Code alignment interfering on instruction temporization. Is it a Bug of the chip or is it normal?

lpcware · ‎06-15-2016

Content originally posted in LPCWare by Danjovic on Sat Jul 27 16:33:10 MST 2013
Hi

I am writing a video generating routine for the LPC1111/201 based on the Systick interrupt for generating the Hsync timing.

For pulse temporization I am writing a delay loop in assembly, so I can have a predictable temporization.

But I have noticed a strange behavior of the chip regarding the changing in execution timing of the delay loops that is related to the lenght of code generated. Is it normal? Let me explain better:

This is the structure of my code.
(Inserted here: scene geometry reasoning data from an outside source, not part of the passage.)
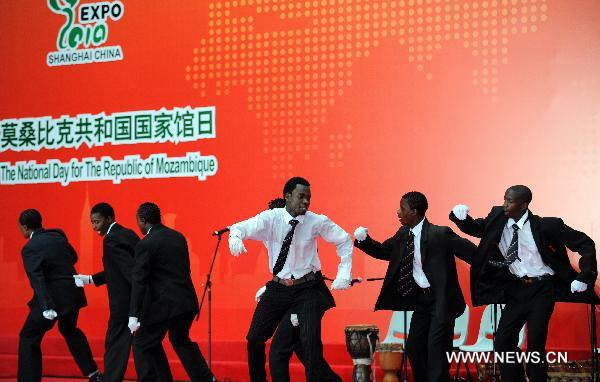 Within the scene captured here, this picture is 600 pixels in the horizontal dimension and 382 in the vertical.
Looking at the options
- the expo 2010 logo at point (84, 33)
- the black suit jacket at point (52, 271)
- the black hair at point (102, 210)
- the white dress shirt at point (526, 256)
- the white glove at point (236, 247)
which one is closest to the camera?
the white glove at point (236, 247)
For simplicity I have shown only the HSYNC routine but I have another two routines for generating VSYNC and Horizontal Equalization pulses.

main () {
  SystemInit();
  LPC_IOCON->PIO0_7 = (0x0) + (0<<3) + (0<<5);
  LPC_GPIO0->MASKED_ACCESS[1<<7] = 0;
  LPC_GPIO0->DIR = LPC_GPIO0->DIR | (1<<7);
  SysTick_Config(H_LINE_TICKS); // number of ticks to interrupt at 63,5us
  for (;;);
}

void SysTick_Handler(void)
{
H_Sync();
}

__inline void H_Sync(void)
{
// H_sync pulse 4.7us
LPC_GPIO0->DATA &= ~(1<<7);
asm("push {r1}\n\t"
"mov r1, #22\n\t"
"Loophs1:\n\t"
"subr1, r1, #1\n\t"
"cmpr1, #0\n\t"
"bneLoophs1\n\t"
"pop {r1}\n\t"
);
    LPC_GPIO0->DATA |= (1<<7);
}

The code above generates a Hsync pulse with a duration of 4.7us at each SysTick Interrupt.

Well, the problem began to show when I have added code for changing a second pin at the beginning of code in 'main()'.

main () {
  SystemInit();
  LPC_IOCON->PIO0_7 = (0x0) + (0<<3) + (0<<5);
  LPC_GPIO0->MASKED_ACCESS[1<<7] = 0;
  LPC_GPIO0->DIR = LPC_GPIO0->DIR | (1<<7);

  LPC_IOCON->PIO0_9 = (0x0) + (0<<3) + (0<<5);
  LPC_GPIO0->MASKED_ACCESS[1<<9] = 0;
  LPC_GPIO0->DIR = LPC_GPIO0->DIR | (1<<9);


  SysTick_Config(H_LINE_TICKS); // number of ticks to interrupt at 63,5us
  for (;;);
}

when I did that, the pulse width changed from 4.7us to 2.8us!!! After some time investigating I have found that if I put a pair or NOPS for stuffing the main, the delay loops became normal again.

main () {
  SystemInit();
  LPC_IOCON->PIO0_7 = (0x0) + (0<<3) + (0<<5);
  LPC_GPIO0->MASKED_ACCESS[1<<7] = 0;
  LPC_GPIO0->DIR = LPC_GPIO0->DIR | (1<<7);

  LPC_IOCON->PIO0_9 = (0x0) + (0<<3) + (0<<5);
  LPC_GPIO0->MASKED_ACCESS[1<<9] = 0;
  LPC_GPIO0->DIR = LPC_GPIO0->DIR | (1<<9);

  asm("nop");
  asm("nop");

  SysTick_Config(H_LINE_TICKS); // number of ticks to interrupt at 63,5us
  for (;;);
}

If I put only 1 'NOP' the timing stills wrong.
If I put 2 to 5 'NOPS' the timing is correct.
If I put 6 to 9 'NOPS' the timing is again wrong
if I put 10 'NOPs' the timing is again correct.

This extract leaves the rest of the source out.